(Activity)
Everything from the line that holds "bathroom with vanity, an" through the end of the listing below must be retyped word for word, without any pictures.

(Provided information)
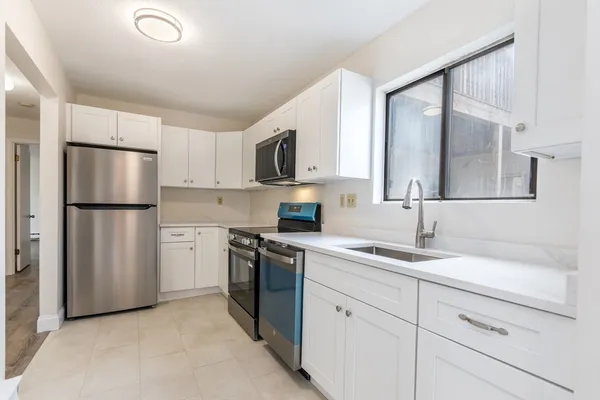 a kitchen with a refrigerator sink and cabinets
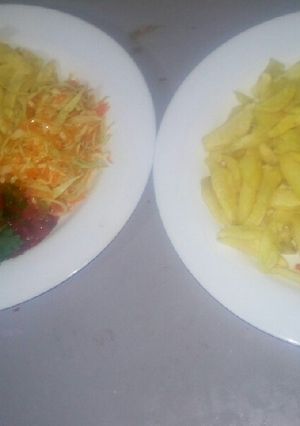 A picture of Oven baked fries,salad,tomato onion source.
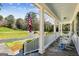 Inviting front porch with stone flooring, white columns, and rocking chairs at 1664 W Wesley Nw Rd, Atlanta, GA 30327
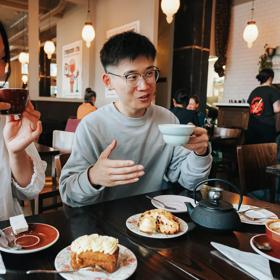 A person chats with friends over coffee and pastries at Floriditas.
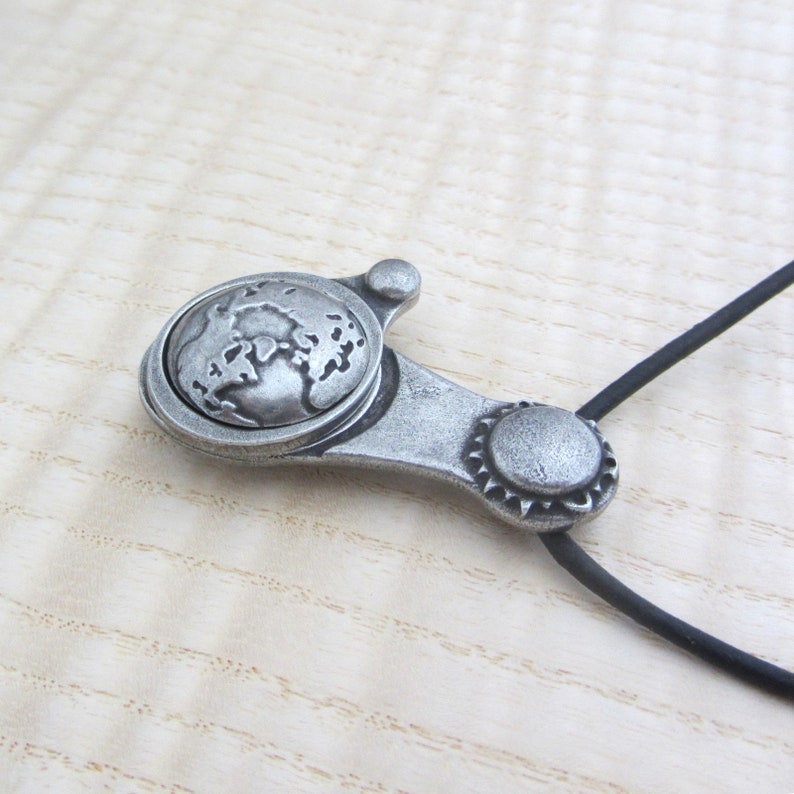 May include: A silver pendant necklace with a globe design. The pendant is attached to a black cord.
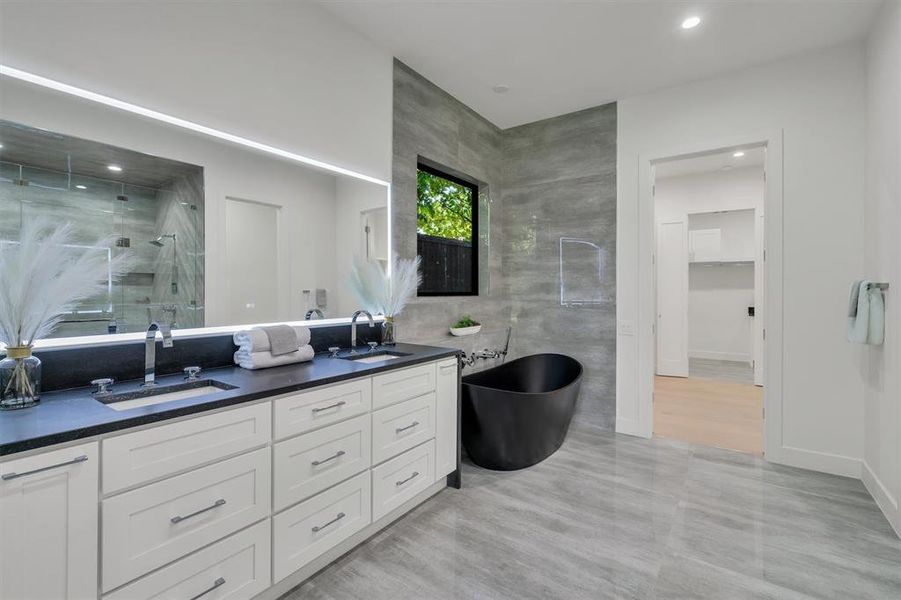 Bathroom with wood-type flooring, separate shower and tub, vanity, and tile walls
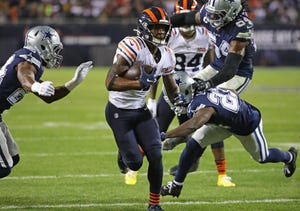 Anthony Miller #17 of the Chicago Bears runs between Chidobe Awuzie #24 (left) and Darian Thompson #23 of the Dallas Cowboys on hos way to a touchdown at Soldier Field on Dec. 05, 2019, in Chicago. The Bears defeated the Cowboys 31-24.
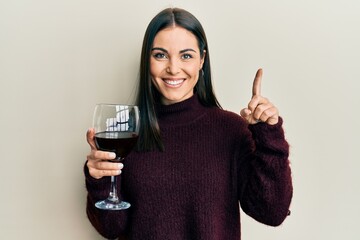 Young brunette woman drinking a glass of red wine smiling with an idea or question pointing finger...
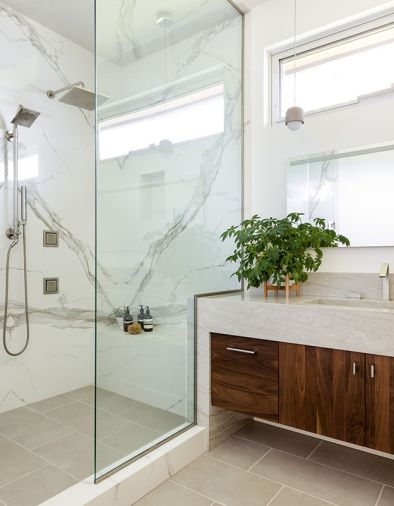 The guest bathroom is outfitted in a medley of stone and wood, including the vanity with custom black walnut Huntwood cabinets by Aimee Meisgeier and a waterfall counter in “Sea Pearl.”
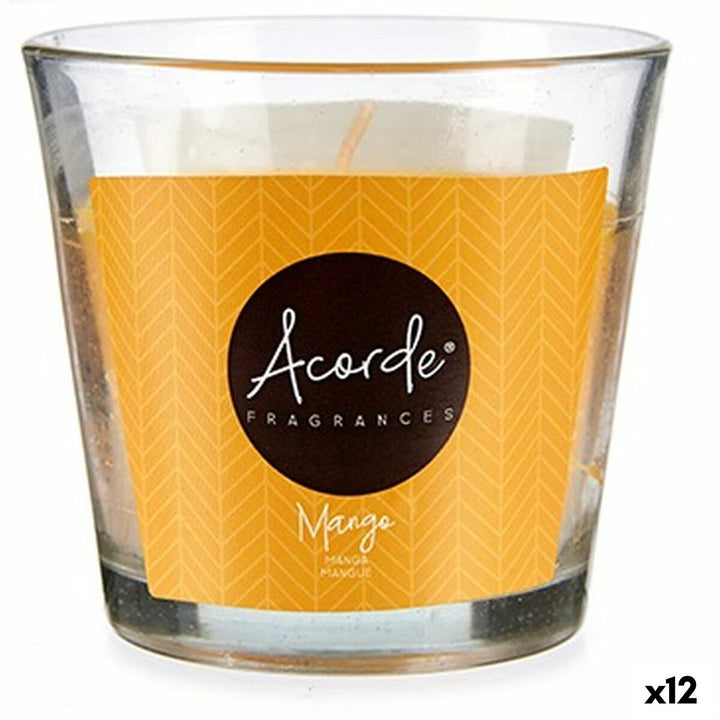 Duftkerze Acorde Mango im Glas. Gelbes Etikett mit Chevron-Muster und Markenlogo.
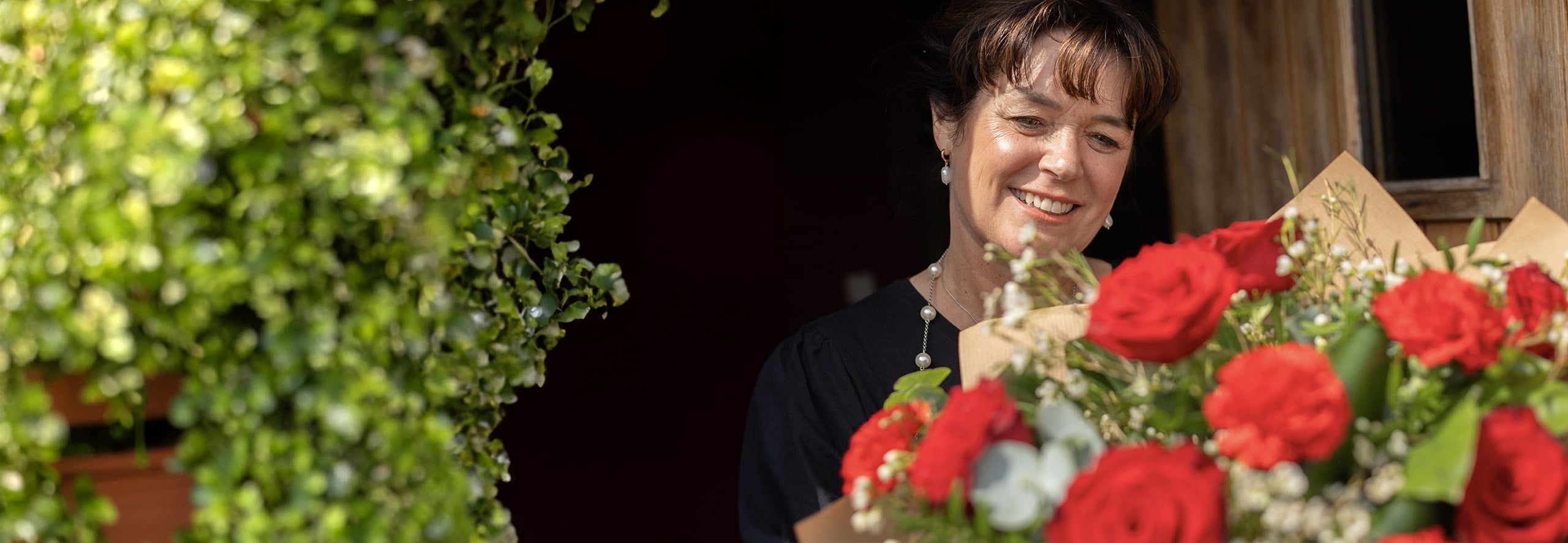 Woman smiling as she receives a bouquet of red roses at her front door.
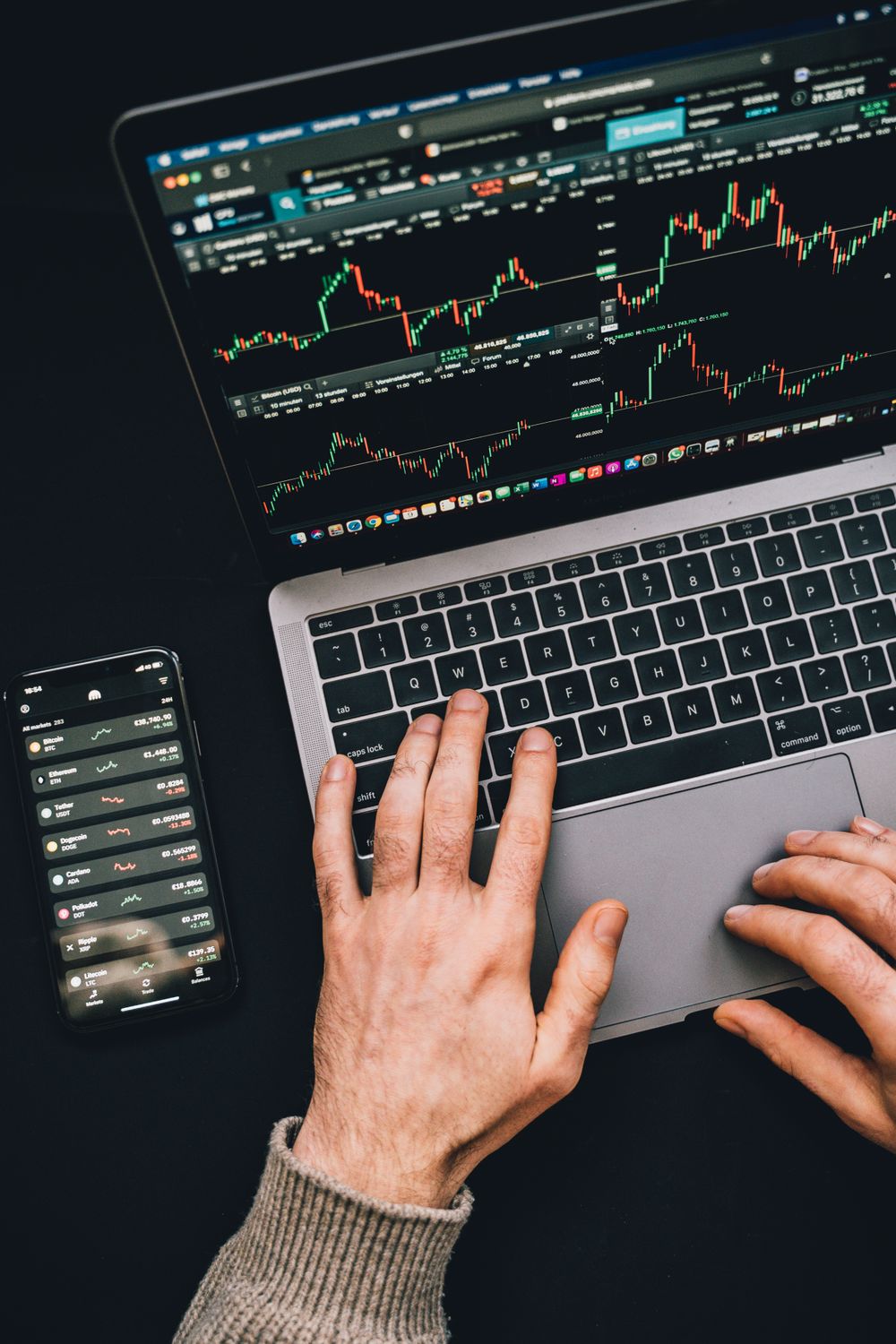 Data-Driven Strategies for Entering the African Market: A Modern Business Playbook 3 Hands typing on a laptop with cryptocurrency charts and smartphone display in view, focusing on digital finance.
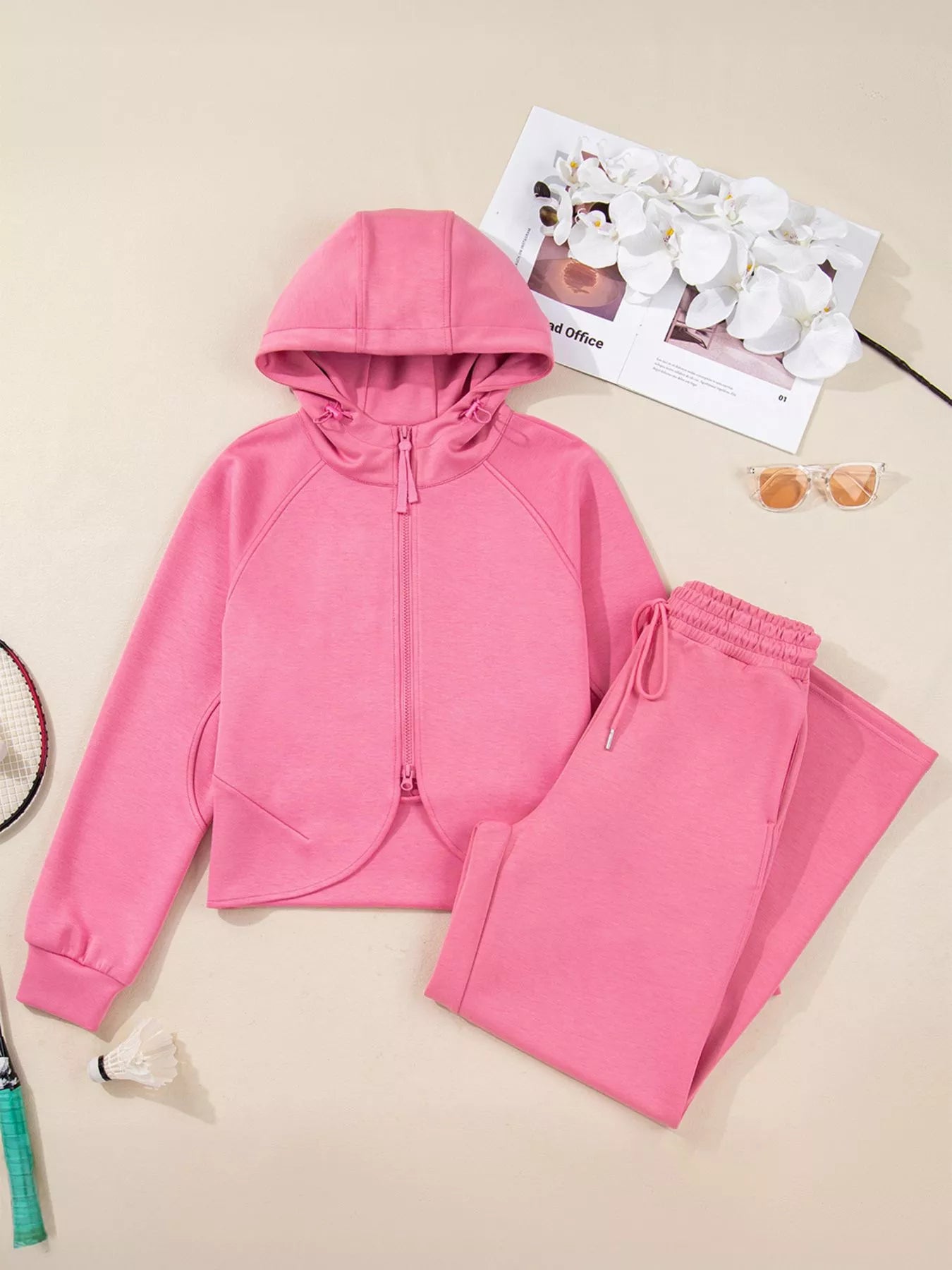 Pink hoodie and pants set on a beige surface with a magazine and earrings.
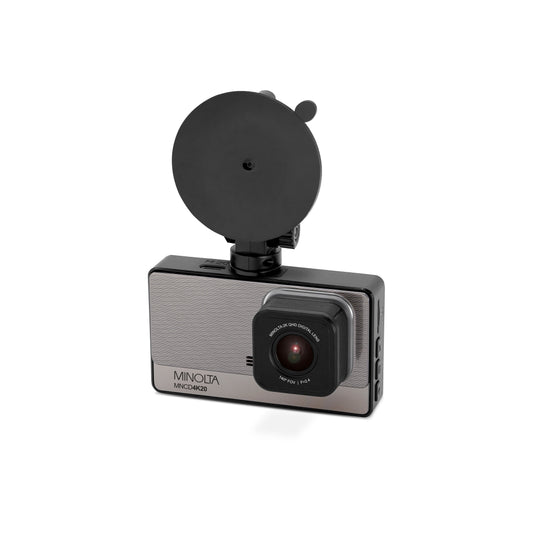 A Minolta Micromax motion detector camera with a black suction mount, shown on a solid white background.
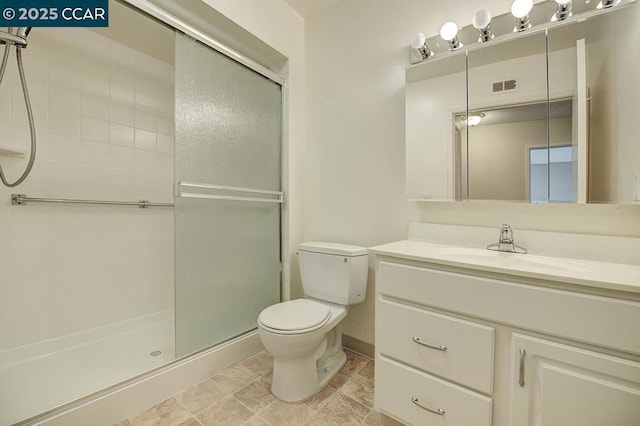 bathroom with vanity, an enclosed shower, and toilet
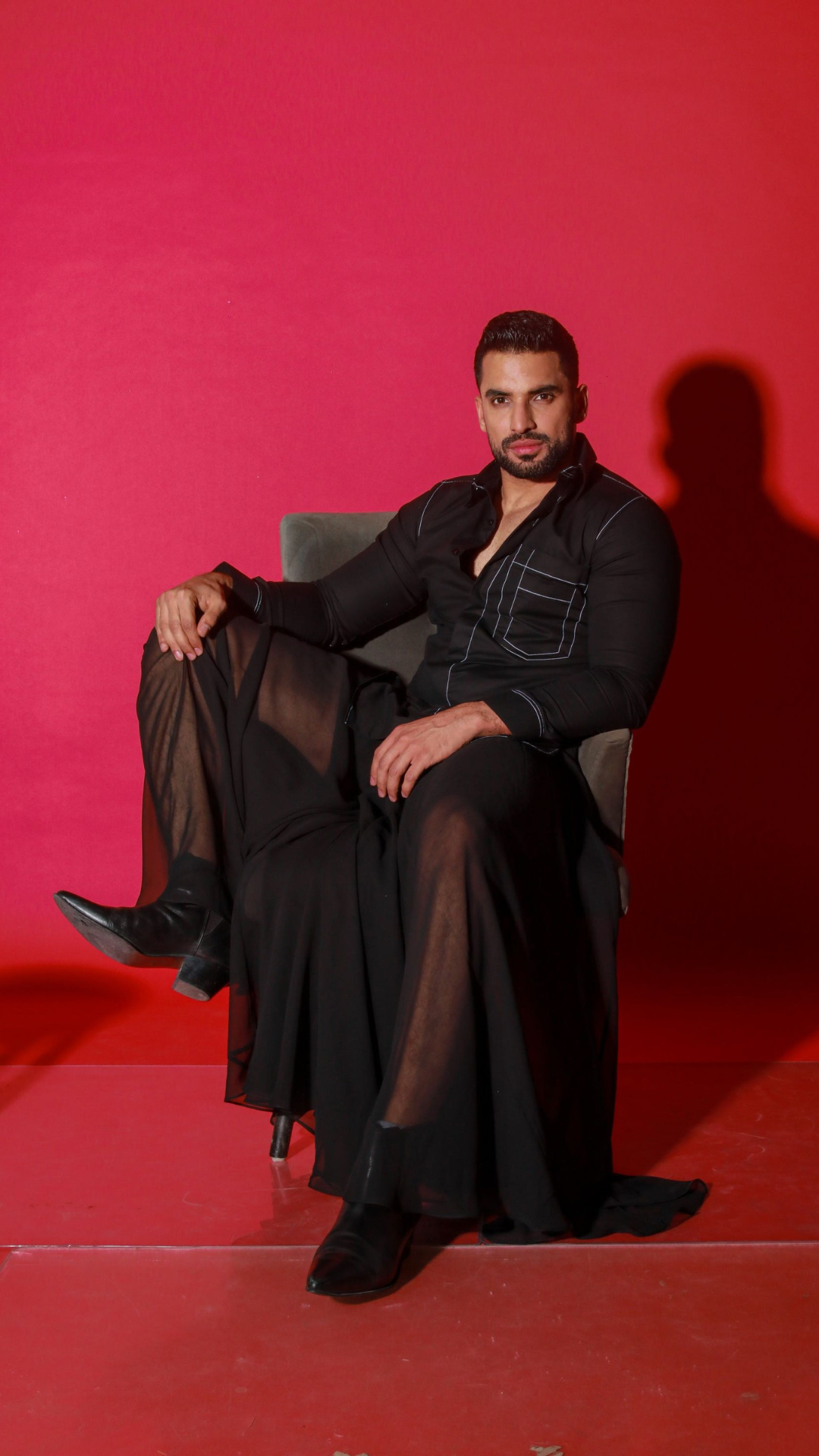 Black shirt with contrast stitching highlights.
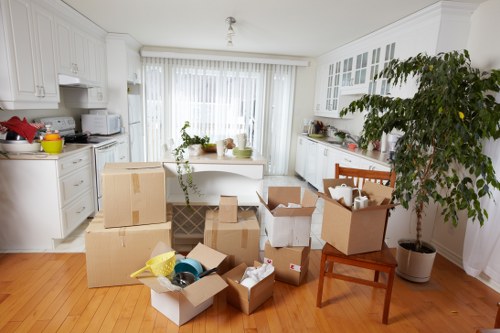 Boxes and furniture being carried from a London apartment building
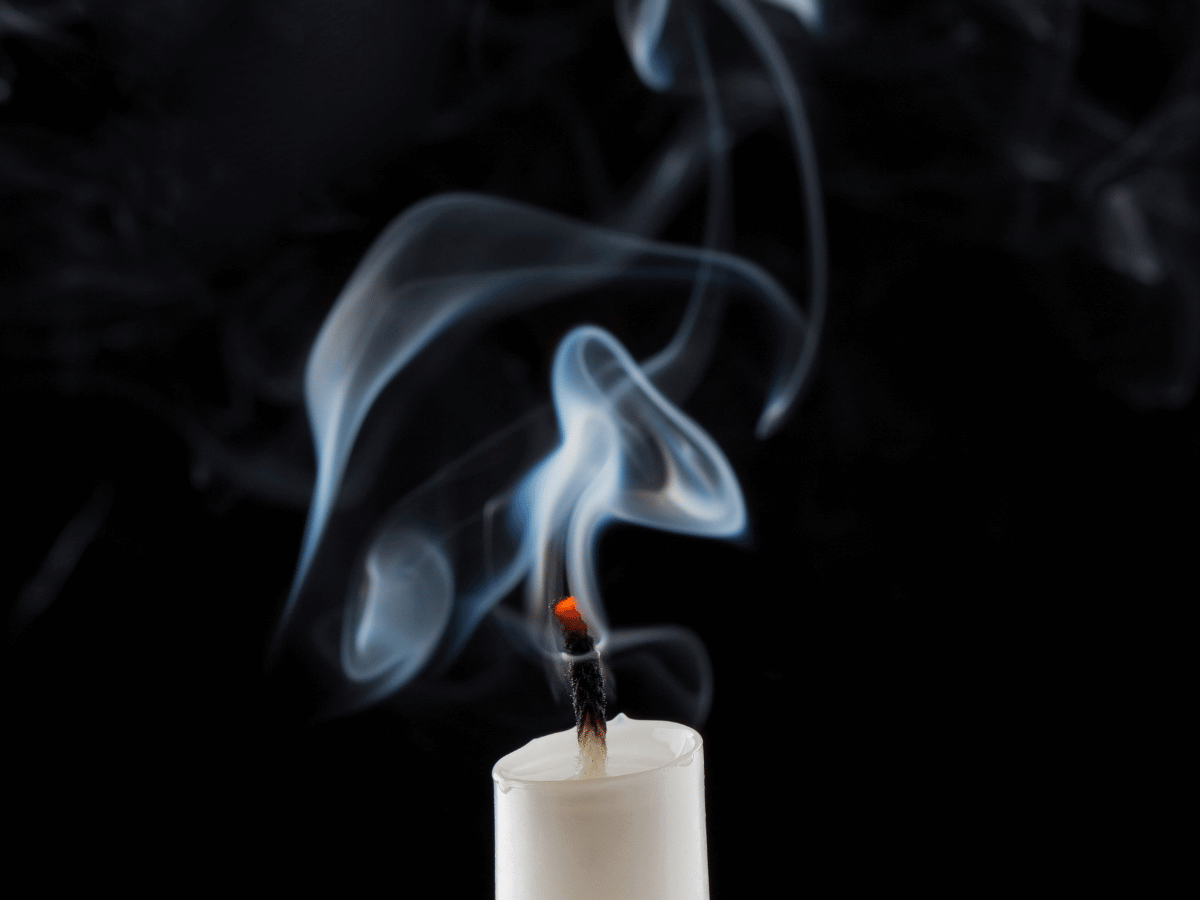 An extinguished candle with smoke.
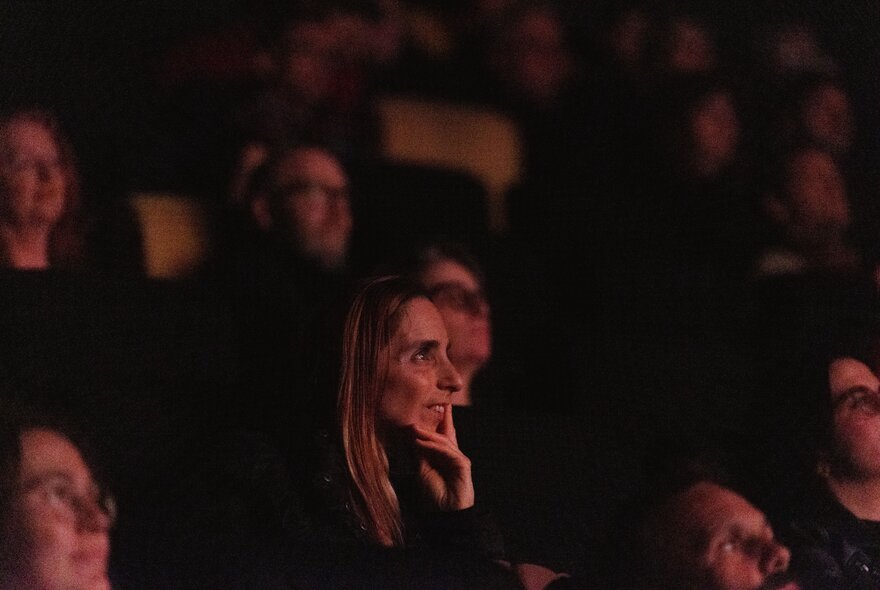 An audience watching a film.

(Response box)
 bathroom with vanity, an enclosed shower, and toilet
 Black shirt with contrast stitching highlights.
 Boxes and furniture being carried from a London apartment building
 An extinguished candle with smoke.
 An audience watching a film.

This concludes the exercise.